Buku Cetak
Membangun jaringan transportasi terpadu guna meningkatkan konektivitas antar wilayah
Penelitian ini berjudul “Membangun Jaringan Transportasi Terpadu Guna Meningkatkan Konektivitas Antarwilayah”. Latar belakang penelitian ini berangkat dari permasalahan ketimpangan pembangunan infrastruktur transportasi antara wilayah barat dan timur Indonesia yang mengakibatkan disparitas ekonomi, sosial, dan aksesibilitas. Permasalahan utama yang dirumuskan adalah bagaimana membangun jaringan transportasi terpadu guna meningkatkan konektivitas antarwilayah dalam mendukung pemerataan pembangunan nasional. Tujuan penelitian ini adalah untuk memberikan analisis strategis serta rekomendasi kebijakan yang dapat mewujudkan sistem transportasi nasional yang efisien, inklusif, dan berkelanjutan, sebagai bagian dari upaya memperkuat integrasi wilayah dan ketahanan nasional.
Metode penelitian yang digunakan adalah pendekatan kualitatif deskriptif, dengan analisis berbasis data sekunder dari berbagai literatur akademik, regulasi, dan laporan lembaga pemerintah maupun internasional. Teknik analisis yang digunakan meliputi kajian teoritis dan empiris berdasarkan Teori Pembangunan Infrastruktur (Hirschman), Teori Integrasi Transportasi Antarmoda, Teori Konektivitas Wilayah, dan Teori Pembangunan Wilayah (Weber). Pendekatan multidisipliner yang digunakan mengaitkan aspek kebijakan publik, pembangunan wilayah, dan ketahanan nasional untuk merumuskan strategi penguatan sistem transportasi multimoda di Indonesia.

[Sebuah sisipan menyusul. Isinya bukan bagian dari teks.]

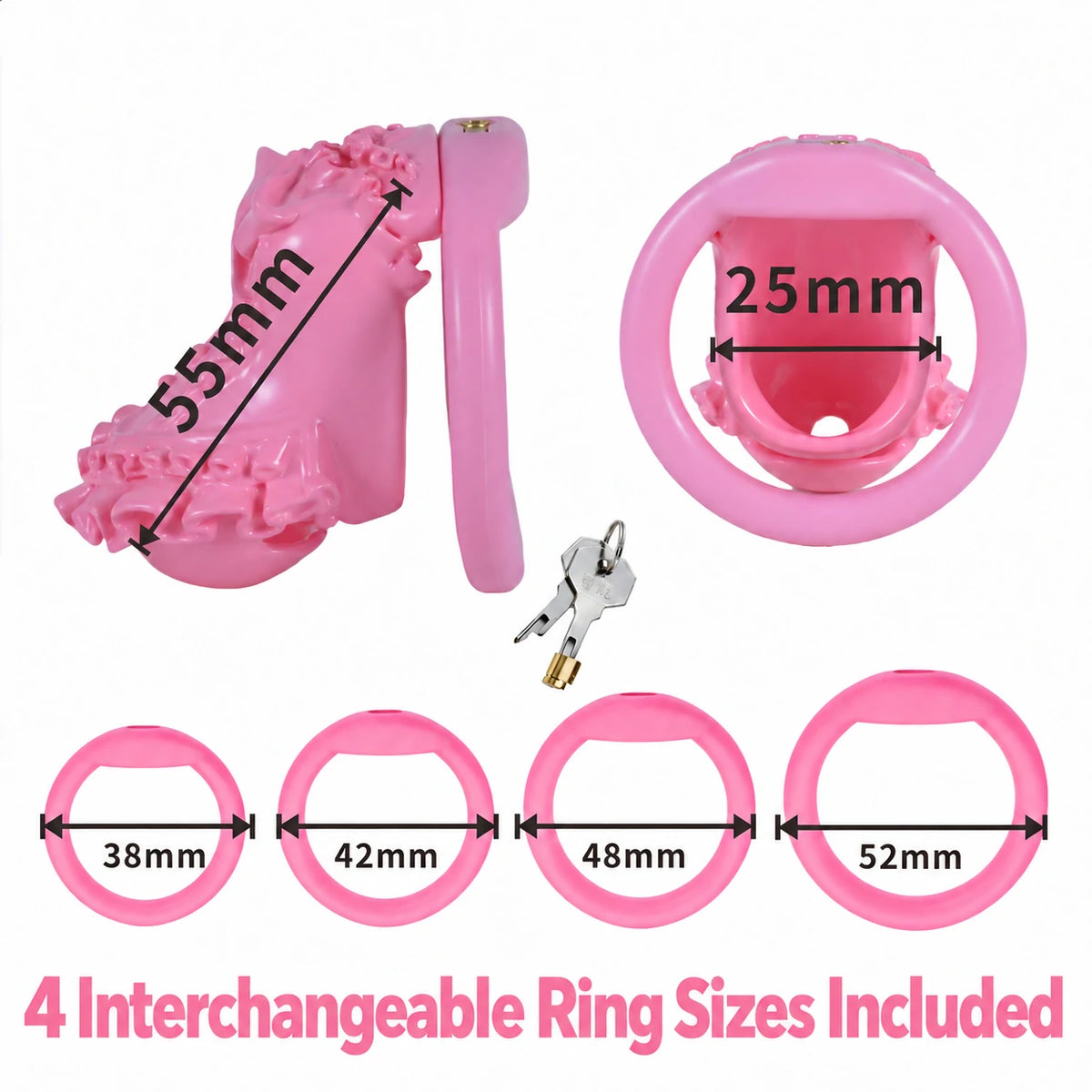 Cute Lolita Skirt Chastity Cage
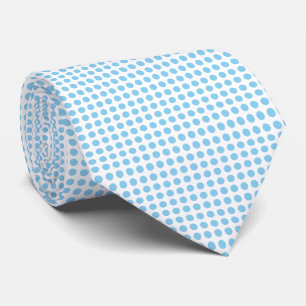 Cravate Bébé bleu sur blanc moyen Pois horizontaux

Hasil penelitian menunjukkan bahwa pembangunan jaringan transportasi terpadu berpengaruh signifikan terhadap peningkatan konektivitas antarwilayah, efisiensi logistik, serta pemerataan pertumbuhan ekonomi. Implementasi proyek strategis seperti Jalan Tol Trans-Jawa dan Trans-Sumatra, Kereta Cepat Jakarta–Bandung, MRT, dan Program Tol Laut telah meningkatkan aksesibilitas dan menurunkan biaya logistik nasional. Namun, tantangan masih terdapat pada ketimpangan infrastruktur di wilayah timur, keterbatasan pendanaan, serta lemahnya integrasi antarmoda dan koordinasi antarlevel pemerintahan. Kesimpulannya, percepatan pembangunan transportasi terpadu perlu didukung oleh kebijakan lintas sektor, pembiayaan inovatif, dan tata kelola yang harmonis antara pusat dan daerah guna memperkuat konektivitas nasional dan mewujudkan pembangunan yang merata dan berkeadilan.
Kata kunci: transportasi terpadu, konektivitas antarwilayah, ketimpangan pembangunan, kebijakan infrastruktur, ketahanan nasional.